## [INFORMATION SUPPLIED]
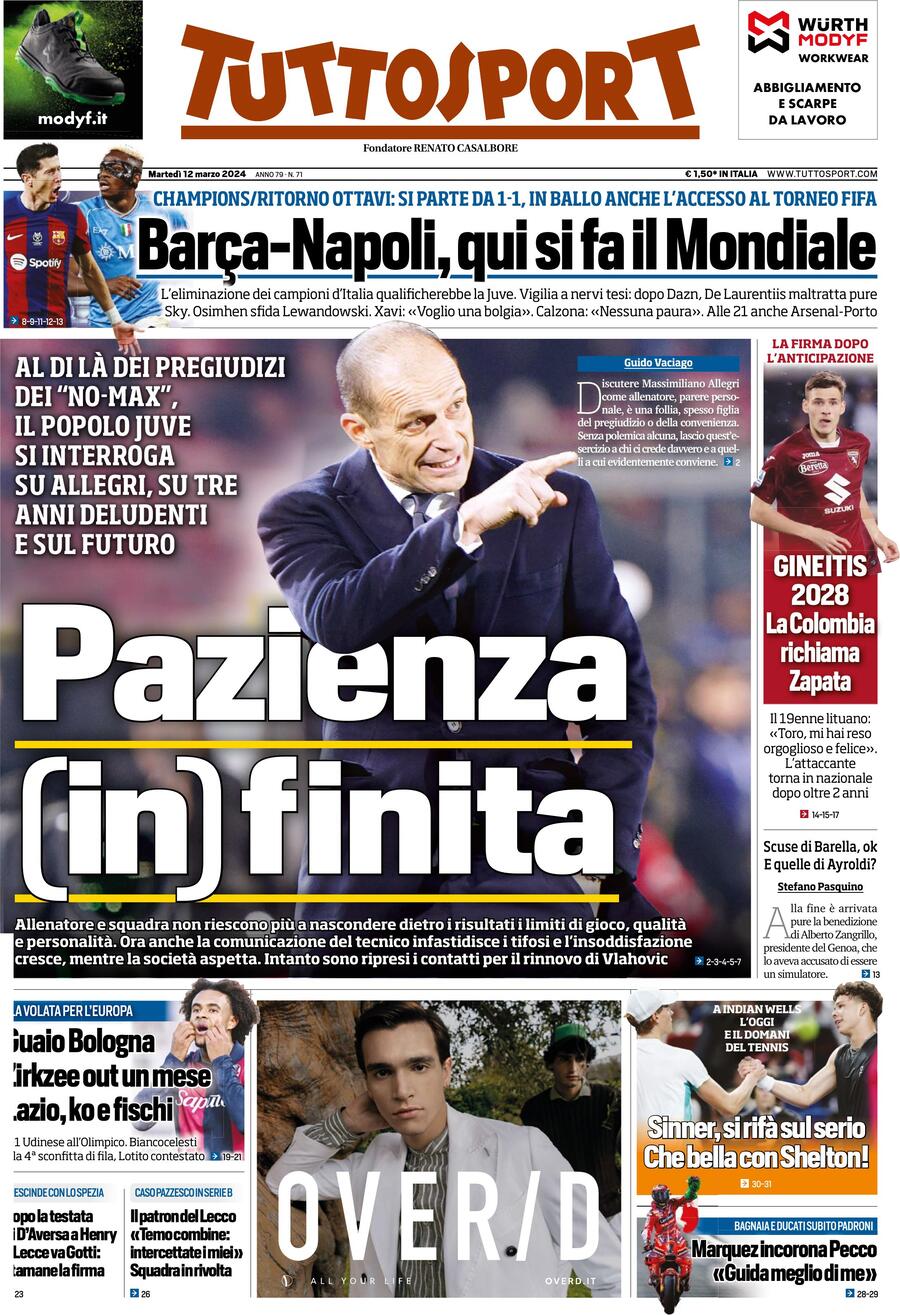 Tuttosport - Front Page - 12/03/2024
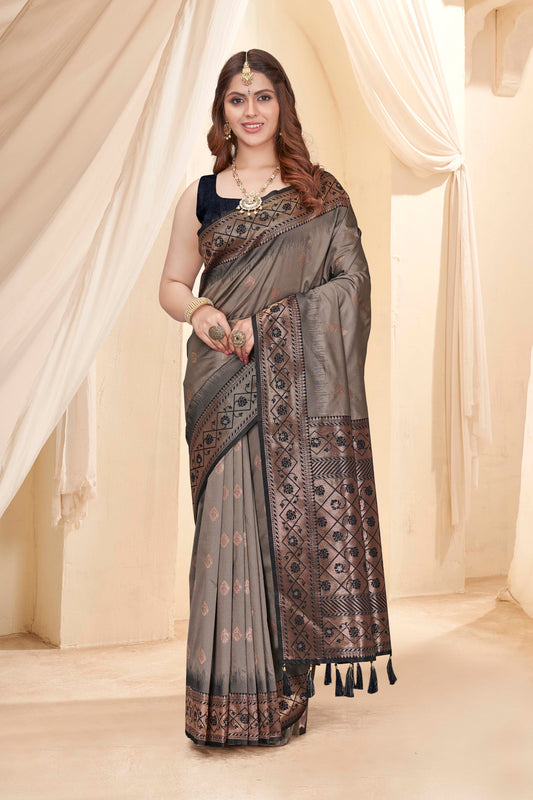 Grey Soft Silk Floral Border Contrast Zari Woven Saree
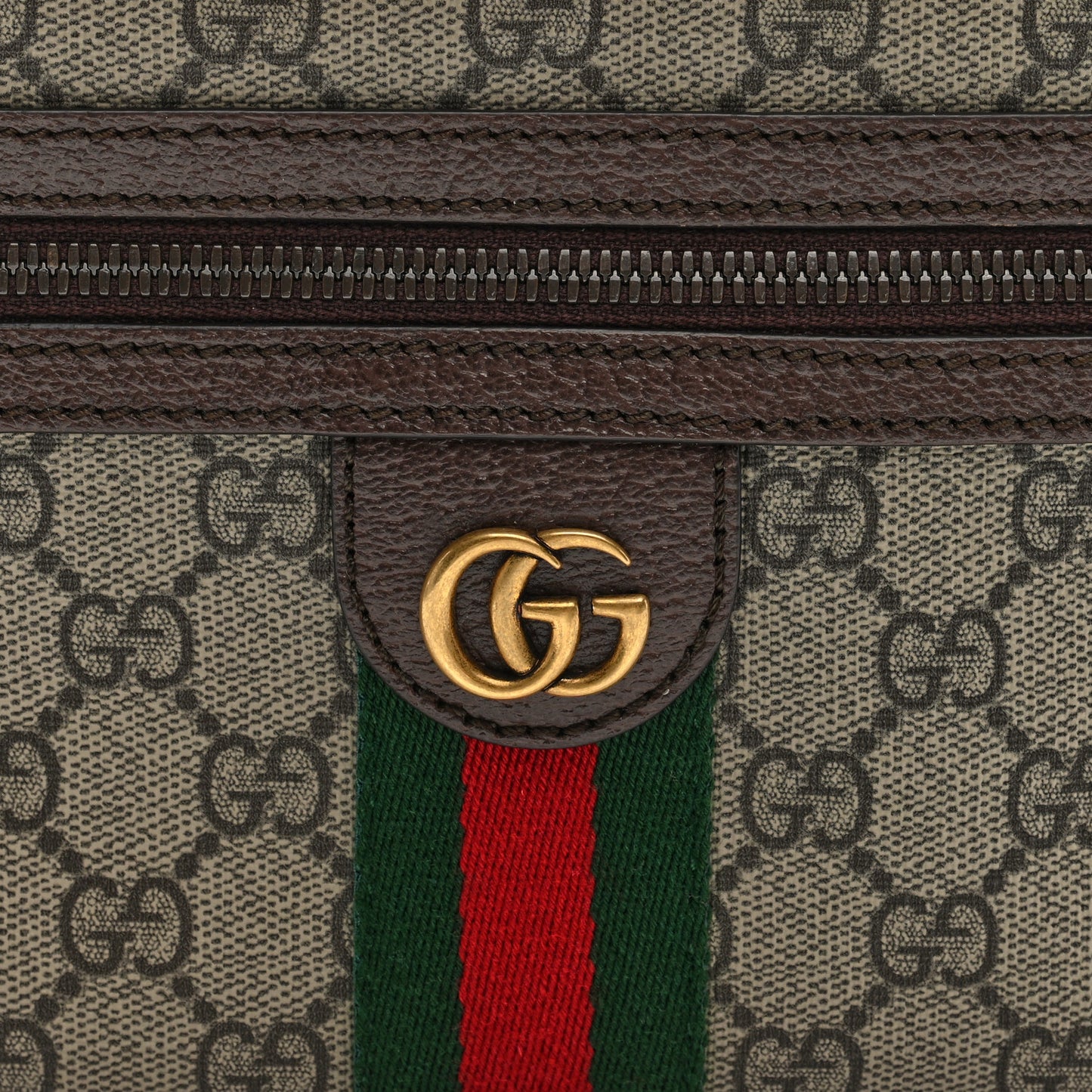 Soft GG Supreme Monogram Medium Ophidia Belt Bag Dark Brown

## [BRIEF]
Return every line of the data above exactly, and omit all pictures.

## [SOLUTION TO THIS TASK]
 Tuttosport - Front Page - 12/03/2024
 Grey Soft Silk Floral Border Contrast Zari Woven Saree
 Soft GG Supreme Monogram Medium Ophidia Belt Bag Dark Brown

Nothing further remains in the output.